I will cover the first three elements of the EIS in this email: Camping areas, camp fires, and length of stay. Within this discussion I will also clarify the questions raised about the 2012 Superintendent's Compendium, which is cited in several of the alternatives.
I want to qualify this communication by saying that these are my personal thoughts as a 34-year member of the Saline community, and do not reflect an official SPA position. As SPA works toward crafting a position paper, your comments and feedback on these discussions are a valuable asset that allow SPA to speak for you!
Camping Areas: This looks like a good area for mixing and matching aspects of alternatives. I do not believe the NPS will give us carte blanche to camp wherever we want, though the No Action Alternative sounds reasonable. I believe we do want to:
· Maintain dispersed camping, allowed in the No Action, Minimum Action, and Community Engagement alternatives. This includes car camping remaining unrestricted in non-wilderness areas
- Wilderness camping (tents, non-motorized) in wilderness areas (No Action)
- · Continue to use designated camp areas defined by delineation of roadways (very ephemeral features) with signage at wilderness boundaries. A rough map showing the unrestricted area (Warm Springs) and Wilderness lands can be found on page three of the Alternatives Newsletter linked earlier. This seems like a very reasonable approach, and the more we find a reasonable middle-of-the-road, the less likely we will be subject to extremes at the wrong end of the alternatives, such as designated camp sites defined by signposts.
- · With respect to the "No camping within 200 feet of the water sources", the Park could not answer my question as to whether the camp host compound is within that radius, or if his compound or solar array count as "camping."
- · I have no idea what would constitute "overflow camping" (Community engagement Alternative) and I do not think it belongs in the CE-Alternative, personally.
Camp fires: I do know one of the Park's biggest concerns is the proliferation of ash. One of the best places to find common ground here is to concede to use existing fire rings, supported by user-supplied fire pans, and voluntary removal of ash from fire pits. If your fire pit is still hot when it is time to leave, clean up a neighboring fire pit. Bring in some heavy duty trash bags in addition to some of the other supplies on occasion!
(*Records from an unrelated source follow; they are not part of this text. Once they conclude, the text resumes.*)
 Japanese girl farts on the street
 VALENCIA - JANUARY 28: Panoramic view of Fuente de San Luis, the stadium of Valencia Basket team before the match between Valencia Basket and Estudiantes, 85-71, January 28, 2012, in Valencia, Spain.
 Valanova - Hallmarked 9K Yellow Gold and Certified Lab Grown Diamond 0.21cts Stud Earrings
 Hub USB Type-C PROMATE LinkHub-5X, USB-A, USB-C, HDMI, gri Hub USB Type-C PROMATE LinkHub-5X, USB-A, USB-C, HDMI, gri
Length of Stay: Both the ash removal and the current 30-day camping limit per calendar year are part of the 2012 Superintendent's Compendium. Folks have asked about what is this Compendium? The Compendium is a park-specific set of regulations, enforceable by Park Law Enforcement Rangers. It is updated at least once per year, generally. It is available on the park website at
http://www.nps.gov/deva/parkmgmt/upload/Compendium_2013_Signed.pdf This gives the Superintendent the opportunity to define such things as Length of Stay at the springs.
Several of the Board members of SPA believe the 30-day camping limit per year is arbitrary, and not conducive to establishing or promoting the traditional stewardship offered by the volunteer community that cares for and maintains the Springs. Part of the Park's rationale for specifying a 30-day limit is to allow equal opportunity for all people to enjoy the environment at the Springs. The reality is, the Springs are often close to empty (with the exception of holiday weekends) and thirty days can go by rather quickly for campers who like to frequent the springs regularly. We propose returning to the BLM convention of a 14-day camping limit, whereupon campers must move a specified distance away and remain out of the area for a subsequent 14 days.
Please remember to give us your feedback as we work toward the Position Paper many of you have asked about. We are continuing to pursue a 30-day extension on the comment period, but must proceed currently on the assumption that such a paper should be drawn up in the next few weeks for member review. If we speak with one voice, our voice will carry further!